When Donald Trump signed a huge corporate and upper-income tax cut into law in December, it seemed like there was one small bright spot. With the GOP-backed bill projected to increase the national deficit by $1.9 trillion over the first decade, at the very least the Democrats could finally quit saying that an increase to the national debt — the vice that trapped so much progressive legislation — was per se political suicide.
In fact, as many Democrats reckoned at the time, if they reclaimed power, they could then repeal those Republican tax cuts and redirect the revenue to new social programs.
But this month, despite the sky decidedly not falling from the Trump tax cuts, Nancy Pelosi confirmed her intent to bringing back the “pay-go” rule, which requires all new spending to be offset with budget cuts or tax hikes. Pelosi first instituted the rule in 2007, effectively barring Congress from taking up progressive legislation that would increase the national debt.
This stark contrast between Republicans and Democrats was front-and-center at the second annual Modern Monetary Theory (MMT) conference, held last weekend at the New School in New York City. The MMT movement, started in the 1990s by a few heterodox economists, has since grown into a vocal and eclectic mix of academics and activists, trying to change the way we think about government spending.
In a nutshell: MMT proponents believe that the government can safely spend far more money than it currently does, and increasing the federal deficit is not a bad thing in and of itself — a public deficit is also a private-sector surplus, after all.
While typically we hear rhetoric that our political leaders must first “find” money through new taxes or budget cuts in order to pay for new programs, MMT proponents say that’s a fundamental misunderstanding of how money works. In so-called fiat currency systems (meaning societies in which money isn’t backed by physically valuable commodities like gold or silver) governments literally create the money and tax it later to control for inflation and keep it in demand.
Inflation is still a risk, MMT advocates say, but it’s a much more remote risk than mainstream economists let on, and it’s one that can be addressed down the line if it arises, without so much pre-emptive austerity.
The first MMT conference was held a year ago at the University of Missouri-Kansas City, where Stephanie Kelton, one of the movement’s top economists, then worked.

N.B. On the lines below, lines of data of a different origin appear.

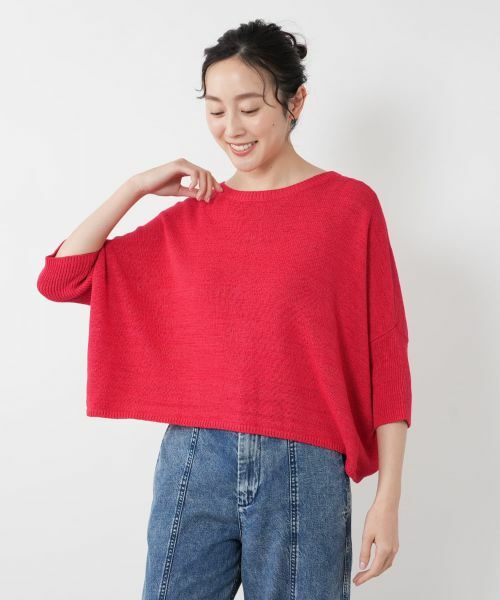 NEMIKA / ネミカ ニット・セーター | ニットカーディガン【NEMIKA】 | 詳細8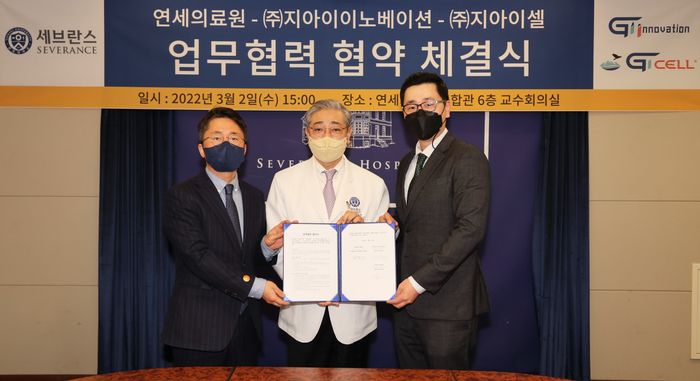 셀이노베이션 이미지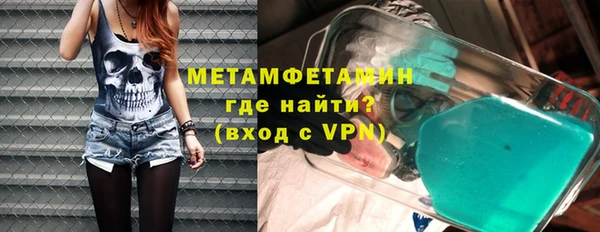 эйфоретик Горнозаводск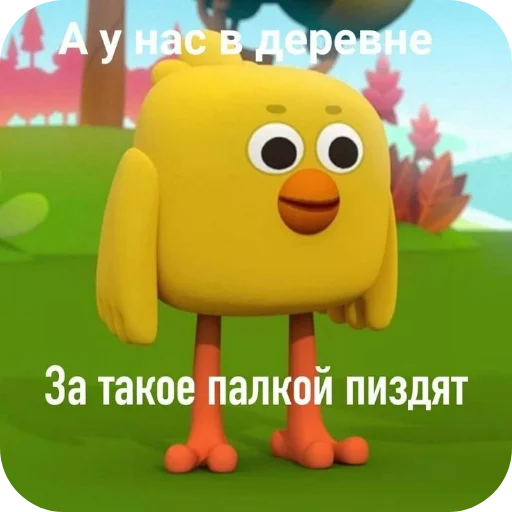 игрушка смайлик смайлик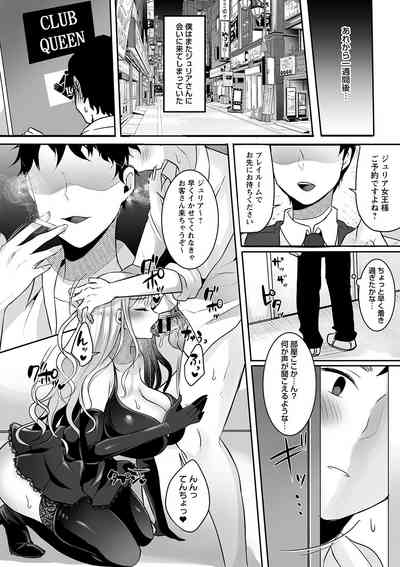 comic Trigger vol.15 [Digital] – 15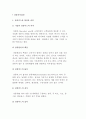 상품의사결정 2페이지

Kelton most famously served as the chief economic adviser for Sen. Bernie Sanders’s presidential campaign, and before that as the chief economist on the U.S. Senate Budget Committee, which was Sanders’s domain. (She now teaches at Stony Brook University in New York.)
About 250 people registered for that first conference, compared to this year’s more than 430. The attendees, while hailing from diverse disciplines, were overwhelmingly white and male — something Lua Kamal Yuille, a law professor and one of the few African-American conference speakers, pointedly criticized during her panel remarks.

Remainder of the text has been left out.